If one or two of your children wants the vacation property, but some do not, the issue may become how to equalize the estate. If the vacation property will form a large part of your estate, insurance may help fill the gap for the other children. Again, if you are not interested in paying the insurance premiums, do not rule out the possibility that your children may be willing to pay the premiums if the insurance policy will be the solution to keeping the property.

Planning for multiple owners

If several children want the vacation property, then you need to consider a co-ownership agreement. There should be something in writing setting out how the vacation property will be used, who will pay for it, and who will be responsible for its upkeep. One idea may be to have the children sign a co-ownership agreement as a condition to inheriting a part of the vacation property.
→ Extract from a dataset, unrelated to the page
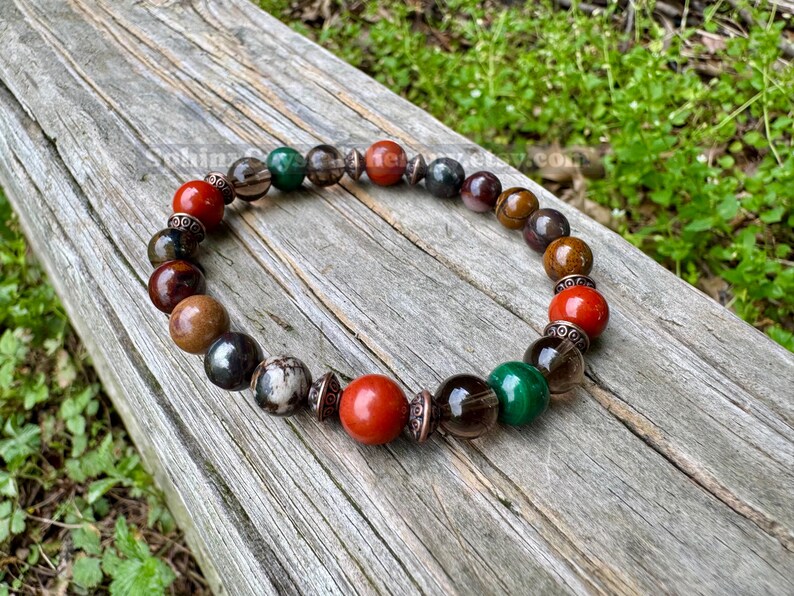 May include: A beaded bracelet featuring a variety of colorful gemstones, including red, green, brown, and black beads. The bracelet is resting on a weathered wooden surface, showcasing its natural tones and textures. The beads are approximately 0.5 inches in diameter.
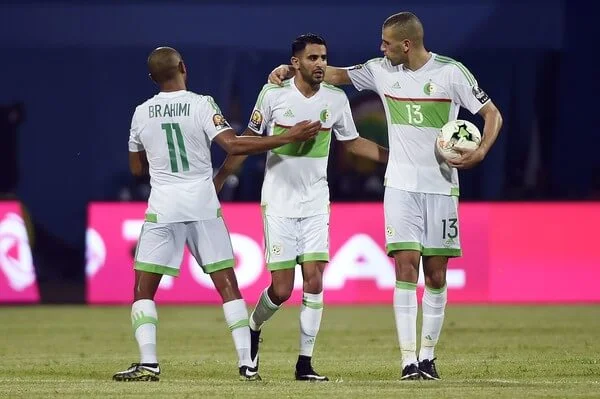 Algeria's forward Riyad Mahrez (C) celebrates with Algeria's midfielder Yacine Brahimi (R) and Algeria's forward Islam Slimani after scoring a second goal during the 2017 Africa Cup of Nations group B football match between Algeria and Zimbabwe in Franceville on January 15, 2017. / AFP / KHALED DESOUKI (Jan. 14, 2017 - Source: AFP)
In that way, the agreement will be there long before there are any arguments. Once the parties start to disagree, negotiating a co-ownership agreement will become next to impossible.

The co-ownership agreement should also specify how the parties can be bought out in case of disagreement and what happens upon the death of one of the siblings – will it go to the grandchildren? Or does it go to the surviving children only? Can it pass to a son or daughter-in-law? It is best to resolve these issues sooner rather than later.

It is important to plan for how the vacation property will be passed to the next generation long before it actually happens. We can help you learn more about the issues relevant to vacation property planning, and how to prevent family disputes or unexpected tax bills.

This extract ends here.